Where r(x) is the "true" quality of response x.

Translation to loss function:

def bradley_terry_loss(r_chosen, r_rejected):
    """
    Negative log-likelihood of observing the preference.

    r_chosen: reward for the chosen response
    r_rejected: reward for the rejected response
    """
    # P(chosen > rejected) = sigmoid(r_chosen - r_rejected)
    # NLL = -log(sigmoid(r_chosen - r_rejected))
    return -F.logsigmoid(r_chosen - r_rejected).mean()

Why this works:


Pairwise Comparisons in Practice

def train_reward_model(model, preferences, epochs=3, lr=1e-5):
    optimizer = AdamW(model.parameters(), lr=lr)

    for epoch in range(epochs):
        for batch in preferences:
            # Each batch contains (prompt, chosen, rejected) tuples
            prompts = batch["prompt"]
            chosen = batch["chosen"]
            rejected = batch["rejected"]

            # Tokenize: prompt + response
            chosen_inputs = tokenize(prompts, chosen)
            rejected_inputs = tokenize(prompts, rejected)

            # Forward pass
            r_chosen = model(**chosen_inputs)
            r_rejected = model(**rejected_inputs)
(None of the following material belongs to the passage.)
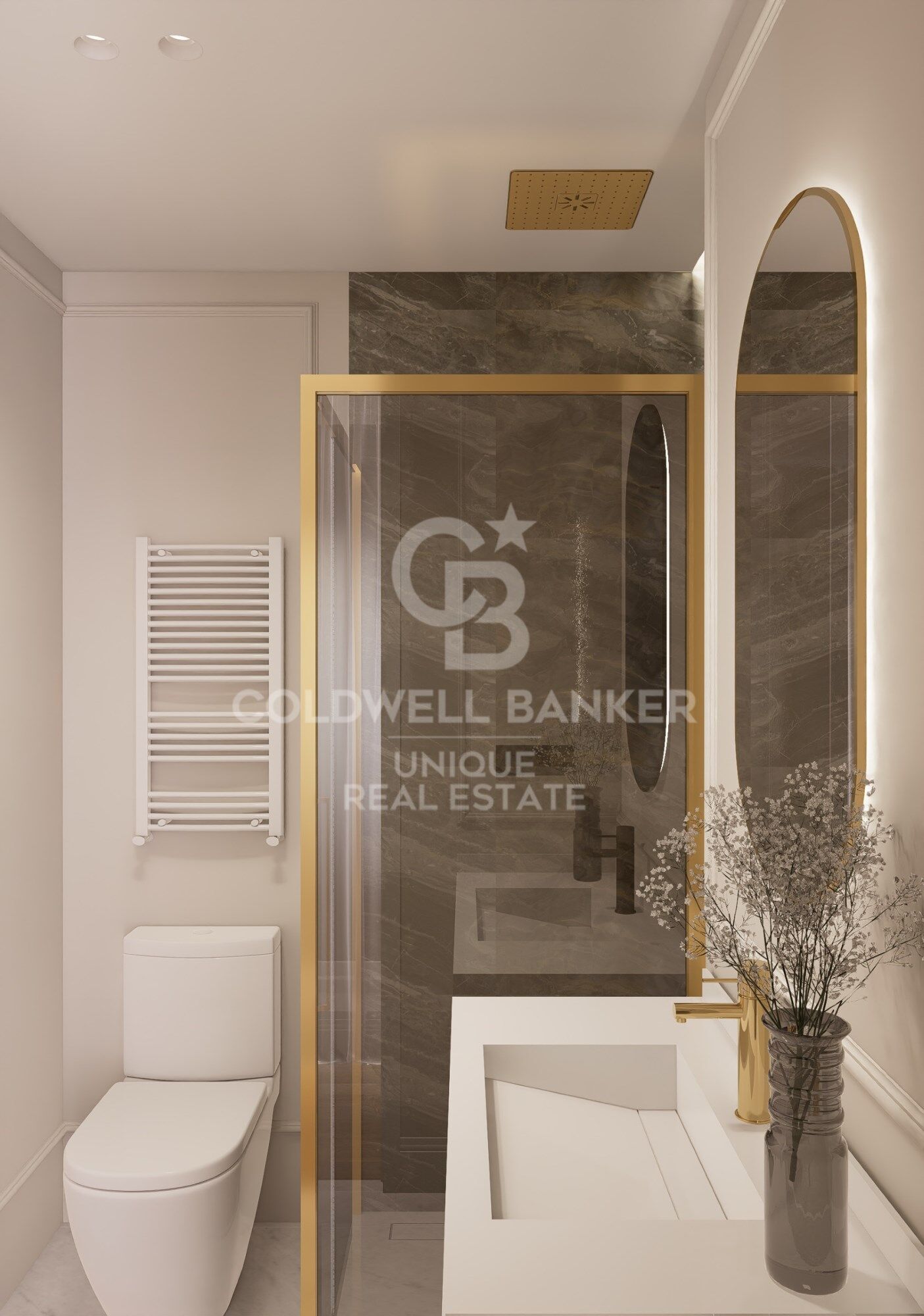 Brandneue 3-Zimmer-Außenwohnung mit Terrasse in Castellana, Madrid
            # Bradley-Terry loss
            loss = -F.logsigmoid(r_chosen - r_rejected).mean()

            # Backward pass
            optimizer.zero_grad()
            loss.backward()
            optimizer.step()

        # Track accuracy: how often does RM prefer chosen?
        accuracy = (r_chosen > r_rejected).float().mean()
        print(f"Epoch {epoch}: Loss={loss:.4f}, Acc={accuracy:.2%}")

Metrics to track:

Metric What it measures
Pairwise accuracy How often RM agrees with human preference
Reward gap Mean(r_chosen - r_rejected)
Calibration Does sigmoid(gap) match empirical win rate?

Reward Hacking

Definition: The policy exploits flaws in the reward model to get high rewards without actually being good.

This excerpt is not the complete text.